Find "Vintage Canon IXUS" below and begin at its line; stop after the line with "Zar Manzanillo". Output those lines exactly, without pictures.

== Extracted material ==
· · · ·

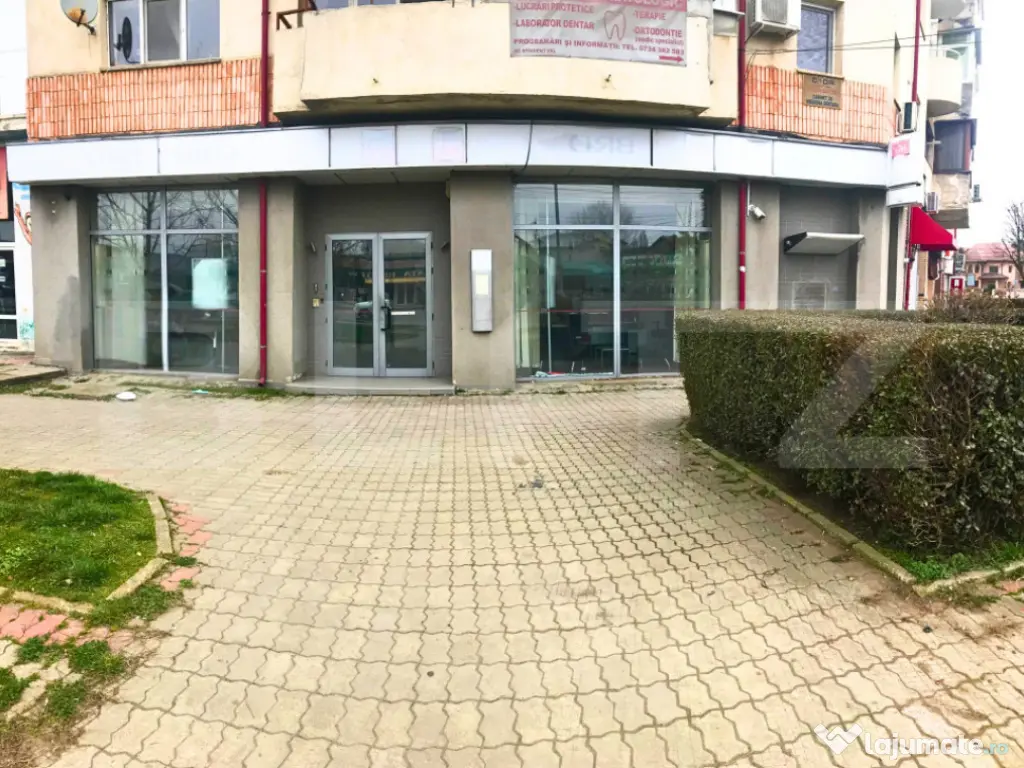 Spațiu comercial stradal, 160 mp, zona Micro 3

· · · ·

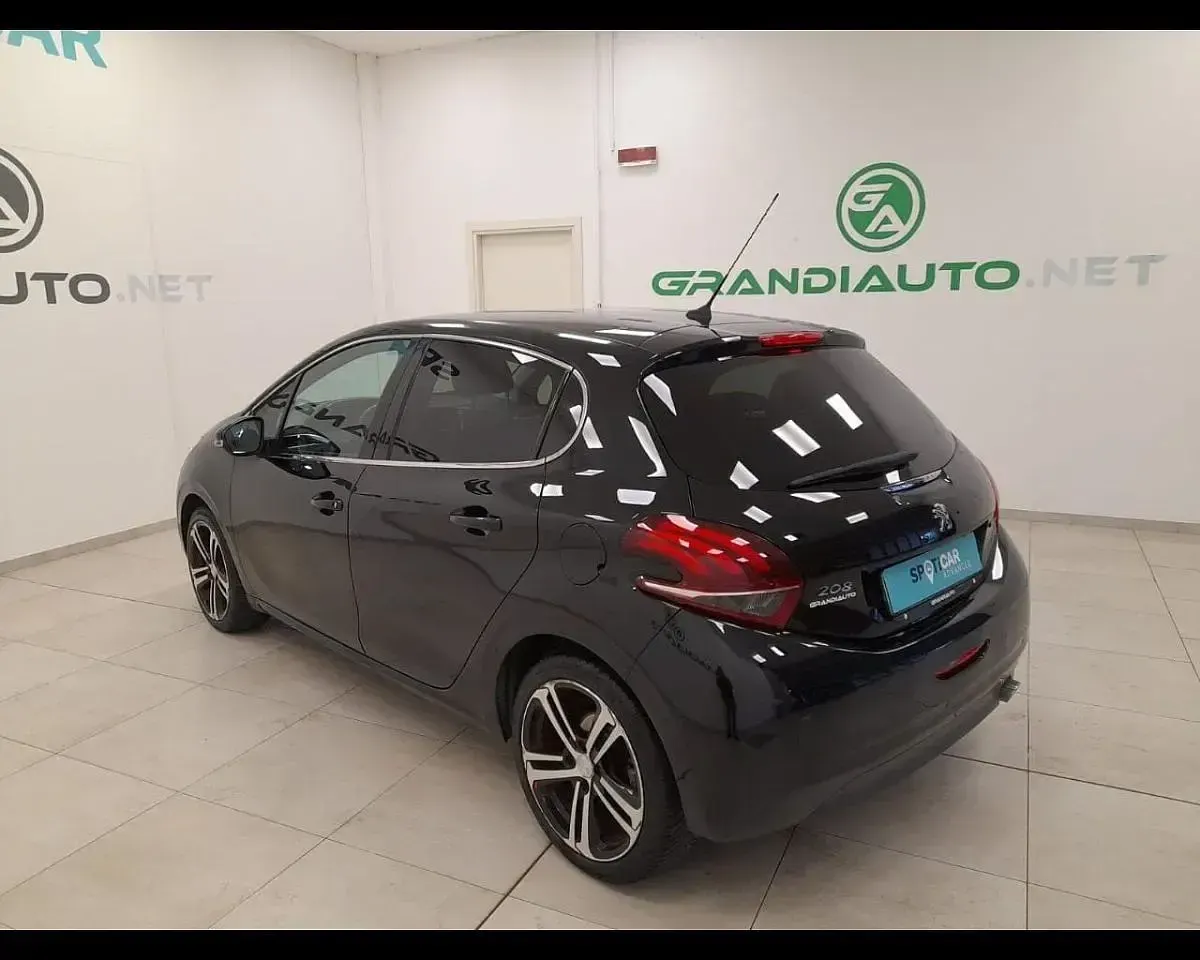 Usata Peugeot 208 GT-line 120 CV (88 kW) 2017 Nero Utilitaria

· · · ·

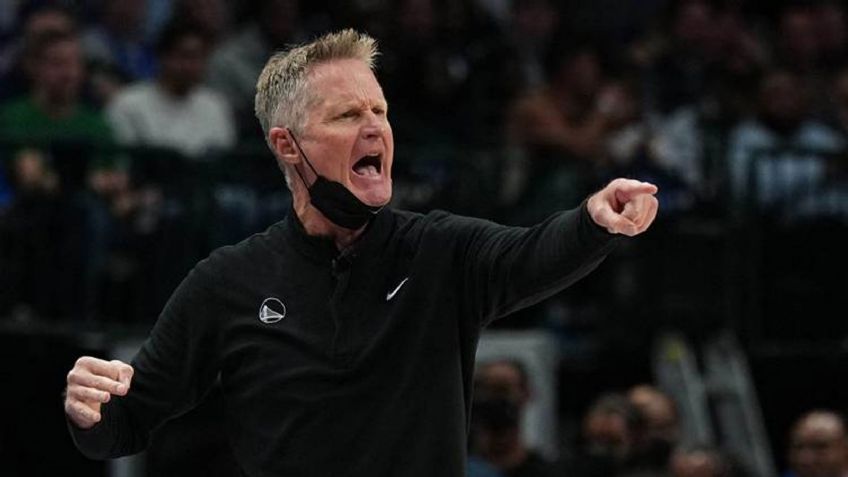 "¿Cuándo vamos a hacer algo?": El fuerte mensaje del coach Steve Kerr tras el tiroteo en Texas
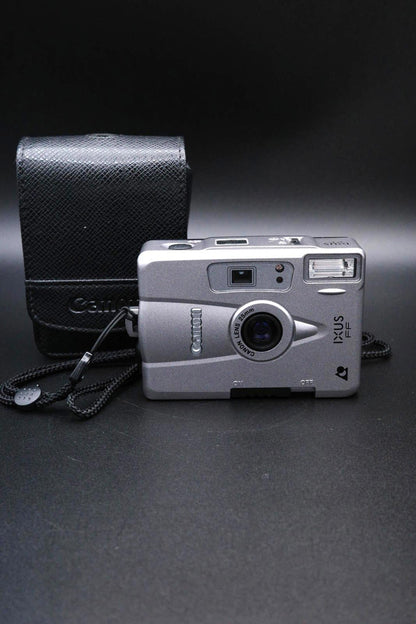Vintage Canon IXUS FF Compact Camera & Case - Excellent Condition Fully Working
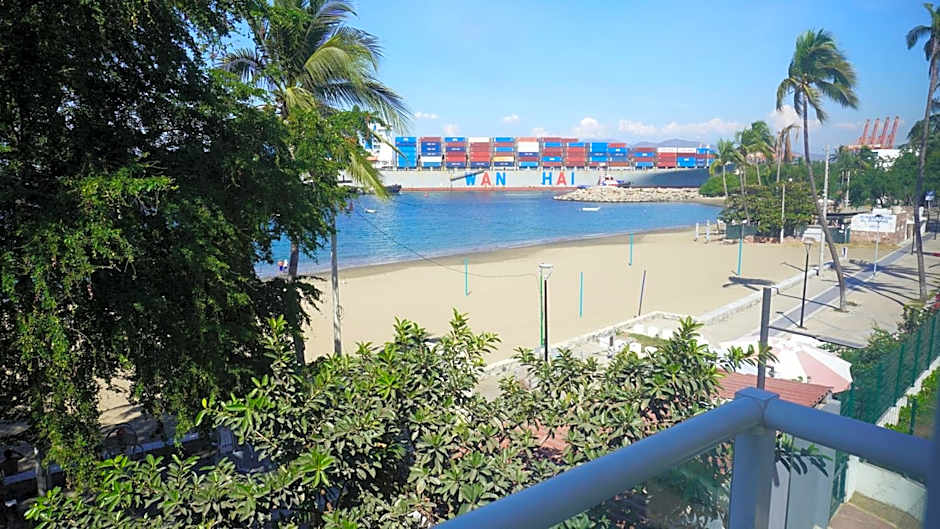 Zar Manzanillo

· · · ·

== The answer ==
Vintage Canon IXUS FF Compact Camera & Case - Excellent Condition Fully Working
 Zar Manzanillo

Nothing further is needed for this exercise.